Though initially siding with the Assassin Order, in contrast to many of his family members' ties to the Templar Order, Agostino eventually succumbed to corruption during the last part of his long rule as Doge, and was killed by his former allies.
The Doge's brother
- "[Marco] hides himself away in his palazzo while Venezia comes apart at the seams, then expects a few expensive explosions will make the people forget their problems."
- ―Agostino at Carnevale, 1486.[src]
Agostino was born in Venice in 1420, as the younger brother of Marco Barbarigo. While Marco was extremely spoiled from birth, Agostino had to work to make his way up the social ladder.

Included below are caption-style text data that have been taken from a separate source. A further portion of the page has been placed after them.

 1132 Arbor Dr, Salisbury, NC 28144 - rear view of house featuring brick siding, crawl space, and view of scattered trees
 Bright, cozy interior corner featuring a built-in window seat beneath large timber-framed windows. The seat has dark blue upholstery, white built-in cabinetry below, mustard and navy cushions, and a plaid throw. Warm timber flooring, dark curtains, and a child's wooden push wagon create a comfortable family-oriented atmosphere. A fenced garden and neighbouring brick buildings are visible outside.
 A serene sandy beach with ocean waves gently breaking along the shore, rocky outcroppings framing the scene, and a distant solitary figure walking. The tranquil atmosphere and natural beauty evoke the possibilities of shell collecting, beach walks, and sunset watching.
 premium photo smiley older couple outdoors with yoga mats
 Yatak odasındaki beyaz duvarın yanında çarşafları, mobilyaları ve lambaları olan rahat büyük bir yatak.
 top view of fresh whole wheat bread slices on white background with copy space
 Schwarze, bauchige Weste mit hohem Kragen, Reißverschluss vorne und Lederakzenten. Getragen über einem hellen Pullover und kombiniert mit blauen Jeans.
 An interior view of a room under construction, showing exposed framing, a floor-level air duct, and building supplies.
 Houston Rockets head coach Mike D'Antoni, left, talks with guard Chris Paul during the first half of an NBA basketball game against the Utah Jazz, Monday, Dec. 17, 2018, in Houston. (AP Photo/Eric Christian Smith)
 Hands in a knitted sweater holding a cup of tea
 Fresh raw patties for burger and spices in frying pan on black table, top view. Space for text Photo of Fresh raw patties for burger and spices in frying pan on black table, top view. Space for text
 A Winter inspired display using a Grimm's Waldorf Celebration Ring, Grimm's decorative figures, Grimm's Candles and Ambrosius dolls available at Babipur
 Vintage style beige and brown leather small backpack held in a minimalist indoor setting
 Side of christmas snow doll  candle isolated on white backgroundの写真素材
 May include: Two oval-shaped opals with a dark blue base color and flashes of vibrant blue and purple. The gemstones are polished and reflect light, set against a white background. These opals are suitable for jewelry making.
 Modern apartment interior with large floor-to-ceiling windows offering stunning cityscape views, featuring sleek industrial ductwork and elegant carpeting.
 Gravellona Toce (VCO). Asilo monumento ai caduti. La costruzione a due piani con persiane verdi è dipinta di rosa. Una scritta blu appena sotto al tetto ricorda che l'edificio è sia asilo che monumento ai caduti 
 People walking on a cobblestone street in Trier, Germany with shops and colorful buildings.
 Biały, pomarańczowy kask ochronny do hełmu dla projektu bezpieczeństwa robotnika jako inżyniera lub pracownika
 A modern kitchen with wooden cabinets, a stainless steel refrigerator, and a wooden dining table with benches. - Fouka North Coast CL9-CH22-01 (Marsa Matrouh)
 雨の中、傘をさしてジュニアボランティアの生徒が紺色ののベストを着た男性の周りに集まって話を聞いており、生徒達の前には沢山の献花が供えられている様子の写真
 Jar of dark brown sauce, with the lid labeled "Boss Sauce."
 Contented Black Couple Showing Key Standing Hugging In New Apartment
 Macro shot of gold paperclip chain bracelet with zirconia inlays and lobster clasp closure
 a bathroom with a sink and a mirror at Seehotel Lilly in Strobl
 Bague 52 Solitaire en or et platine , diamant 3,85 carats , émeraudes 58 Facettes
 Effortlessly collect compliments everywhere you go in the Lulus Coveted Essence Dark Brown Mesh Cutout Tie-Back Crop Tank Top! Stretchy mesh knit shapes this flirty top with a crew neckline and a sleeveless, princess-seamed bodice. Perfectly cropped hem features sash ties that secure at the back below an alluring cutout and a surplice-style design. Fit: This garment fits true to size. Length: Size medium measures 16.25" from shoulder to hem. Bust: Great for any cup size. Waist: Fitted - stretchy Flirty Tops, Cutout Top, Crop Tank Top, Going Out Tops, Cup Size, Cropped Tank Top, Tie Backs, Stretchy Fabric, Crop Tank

Agostino's brother Marco joined the Templar Order by 1476, and became the Doge of Venice shortly after his fellow Templar, Carlo Grimaldi, poisoned Doge Giovanni Mocenigo on 14 September 1485. As the Templars' sworn enemies, the Assassins attempted to break their grip on Venice, thus Marco never left the Palazzo Ducale for fear of death; a fact Agostino greatly disapproved of.
However, as the Doge, Marco was obliged to come out of his Palazzo in 1486 to celebrate Carnevale. The Assassins used this to their advantage, as the Assassin Ezio Auditore da Firenze won a Golden Mask that allowed entry to Marco's private party.
Agostino was present at his brother's party, where he conversed with a man shortly before Marco's assassination, criticizing his brother's governance of Venice, and dismissing the party as a gimmick. Agostino remained at the party long enough to witness Marco's assassination by a shot from Ezio's Hidden Gun.
Tenure as Doge
- Ezio: "È un onore fare la vostra conoscenza, illustrissimo. (It is an honor to make your acquaintance, Doge.) I am sorry for the loss of your brother."
- Agostino: "He had it coming. He was bought and paid for by the Borgia, a mistake I have no intention of making."
- ―Agostino, shortly after the assassination of Marco.[src]
After Marco's death in 1486, Agostino met with the Assassins Ezio Auditore and Antonio de Magianis in the Palazzo della Seta, which had once belonged to Agostino's assassinated cousin Emilio. As at the time he was still only the Doge-elect, and did not yet have the power to act, Agostino confided in the two that his Templar cousin, Silvio Barbarigo, had taken over the Arsenal Shipyard with at least 200 mercenaries at his command.
He explained that this threatened his appointment to become Doge, and helped them devise a plan to assassinate Silvio. Afterward, Agostino promised that he would not ally himself with the Borgia, as his brother and cousins had.
After the Assassins succeeded in killing Silvio and freeing the Castello District, Agostino was successfully inaugurated as Doge. Agostino then helped to create a coalition against Charles VIII of France, after which he managed to gain territory on the mainland of Italy.
Despite his promise to the Assassins that he would not turn out as his brother had, by 1501, Agostino had been corrupted by power, and by the Borgia.
Upon discovering this corruption, the Assassins sent Agostino four threatening letters, each of which had been powdered with small doses of poison by Tessa Varzi. One letter warned him that "old friends" had come to settle a debt, and in a panic, Agostino visited several moneylenders and mercenaries around the city, paying his outstanding debts and apologizing for his tardiness.
However, upon receiving a letter advising him to "watch the sky" as it would soon fall upon him, Agostino stayed indoors for two days, screaming at the rooftops. Soon afterwards, Agostino fell ill and died on 20 September 1501, as a disappointment to all of Italy.
Antonio Loredan, brother of the new Doge, charged him with receiving bottles of wine as gifts, then reselling them tax free "beneath the staircase of the prisons." In addition, Agostino was also charged with extortion and nepotism.
- In Assassin's Creed: Project Legacy, Agostino dresses almost identically to Carlo Grimaldi. He also has a considerably lighter build, and is not wearing the corno ducale (Doge's hat).
- Agostino is Italian variant of the name Augustinus, "great, venerable," ultimately from Latin augere, "to increase."